== Materials provided

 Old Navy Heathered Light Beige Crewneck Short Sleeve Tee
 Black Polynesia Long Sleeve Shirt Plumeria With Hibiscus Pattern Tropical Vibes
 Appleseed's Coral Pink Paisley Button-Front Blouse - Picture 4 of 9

====
== Materials provided

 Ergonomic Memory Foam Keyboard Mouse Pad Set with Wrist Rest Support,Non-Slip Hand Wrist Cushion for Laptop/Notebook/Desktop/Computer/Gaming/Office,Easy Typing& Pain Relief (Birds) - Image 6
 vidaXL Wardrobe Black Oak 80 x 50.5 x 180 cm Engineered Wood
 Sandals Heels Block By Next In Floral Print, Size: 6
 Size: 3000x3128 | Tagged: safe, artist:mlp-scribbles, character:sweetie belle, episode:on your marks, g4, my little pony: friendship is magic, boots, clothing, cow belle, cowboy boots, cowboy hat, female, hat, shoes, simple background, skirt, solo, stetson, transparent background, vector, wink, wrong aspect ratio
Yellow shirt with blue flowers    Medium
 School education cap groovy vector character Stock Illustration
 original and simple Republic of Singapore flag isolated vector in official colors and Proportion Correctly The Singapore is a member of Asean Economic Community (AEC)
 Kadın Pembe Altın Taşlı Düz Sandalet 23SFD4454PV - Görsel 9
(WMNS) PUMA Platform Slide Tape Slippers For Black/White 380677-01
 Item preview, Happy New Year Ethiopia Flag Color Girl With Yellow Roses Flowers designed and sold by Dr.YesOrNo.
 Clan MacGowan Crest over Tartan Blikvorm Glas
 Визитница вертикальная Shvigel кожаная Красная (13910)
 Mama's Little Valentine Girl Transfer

====
== Materials provided

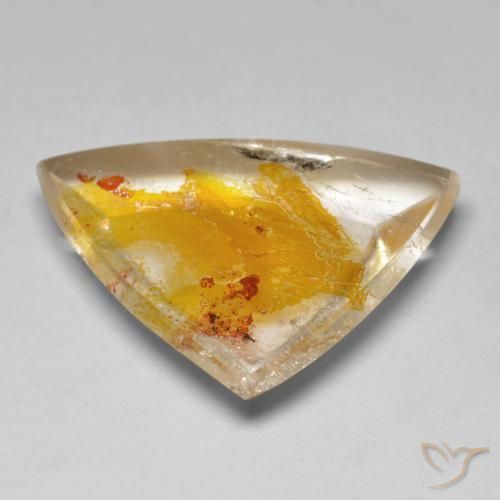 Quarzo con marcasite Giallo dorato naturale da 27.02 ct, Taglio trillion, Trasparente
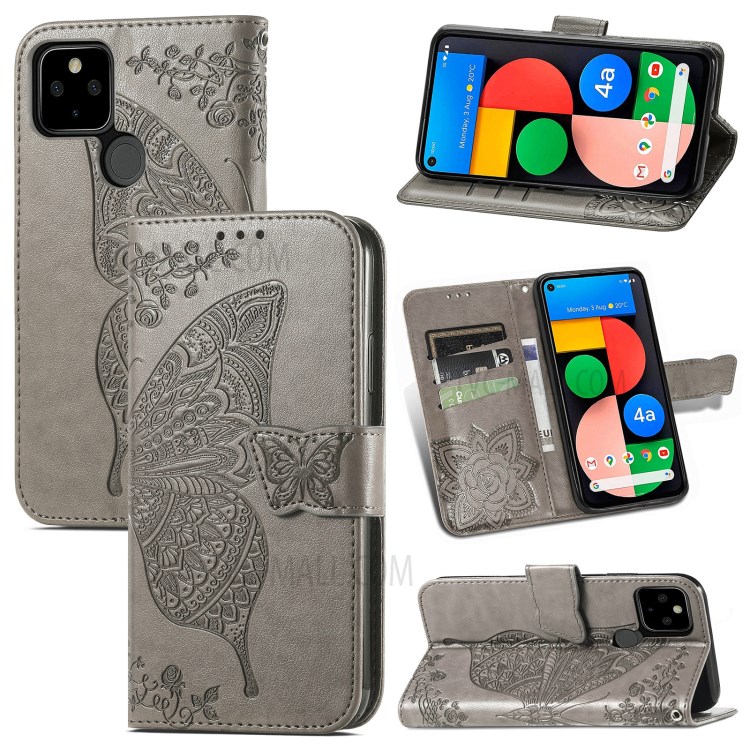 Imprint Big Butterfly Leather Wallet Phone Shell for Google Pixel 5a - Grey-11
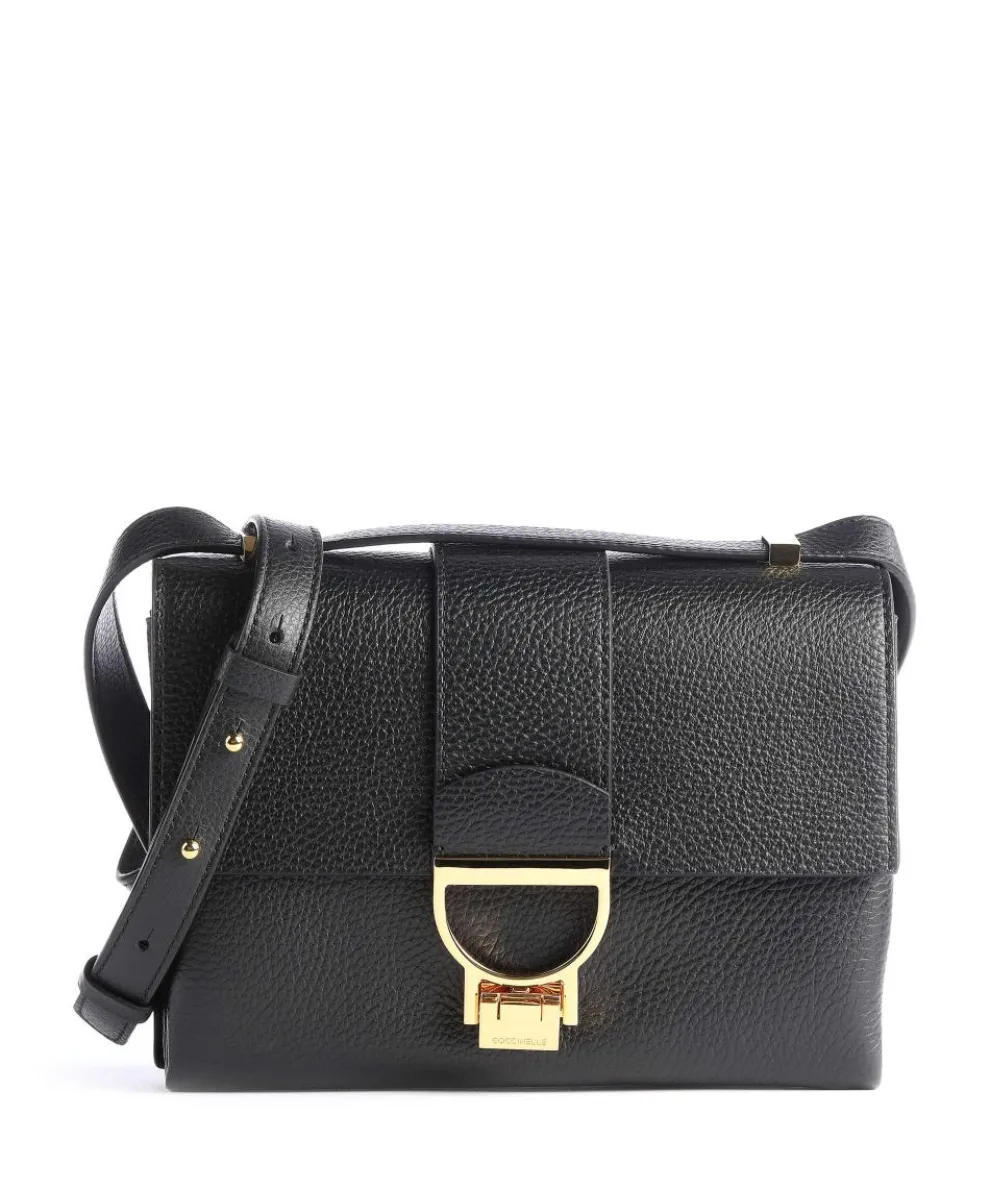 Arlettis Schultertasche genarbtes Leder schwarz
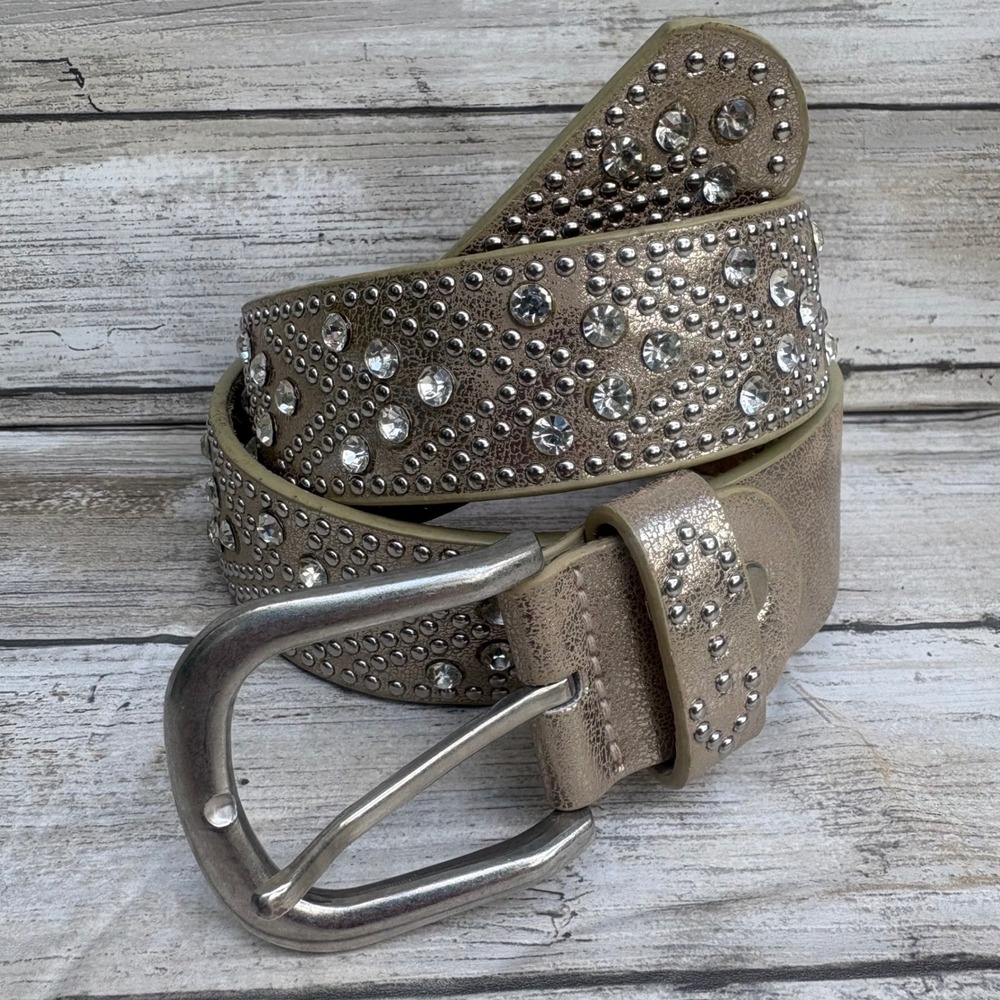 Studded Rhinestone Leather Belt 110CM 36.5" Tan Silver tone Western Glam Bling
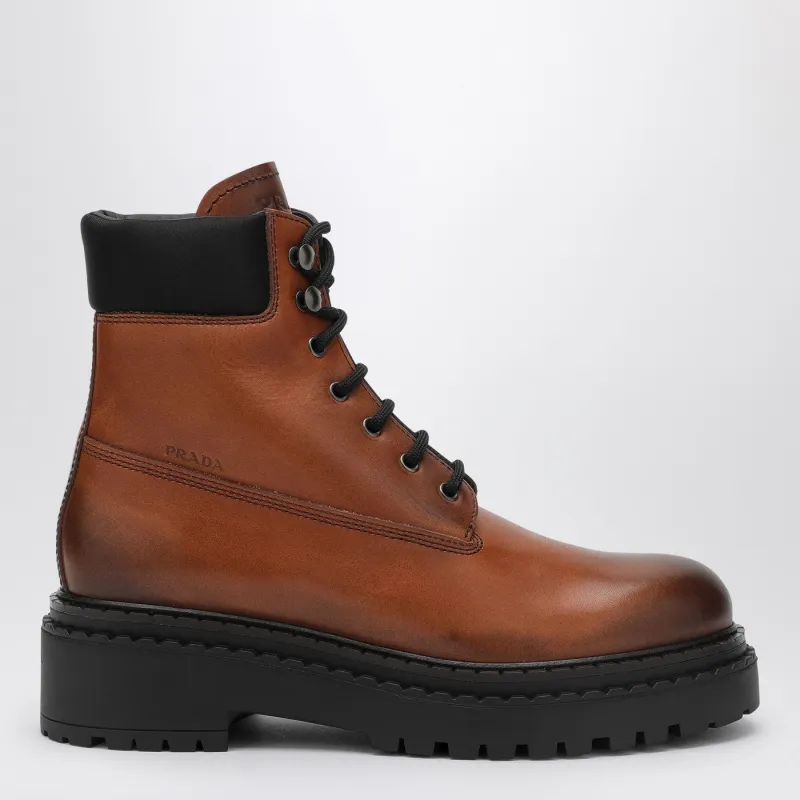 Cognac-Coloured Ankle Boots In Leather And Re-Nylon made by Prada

====

Problem description:
Copy out each line of the data above, exactly, if it lies between the line holding "Old Navy Heathered" and the line holding "Appleseed's Coral Pink", inclusive; copy no other line.

Solution:
 Old Navy Heathered Light Beige Crewneck Short Sleeve Tee
 Black Polynesia Long Sleeve Shirt Plumeria With Hibiscus Pattern Tropical Vibes
 Appleseed's Coral Pink Paisley Button-Front Blouse - Picture 4 of 9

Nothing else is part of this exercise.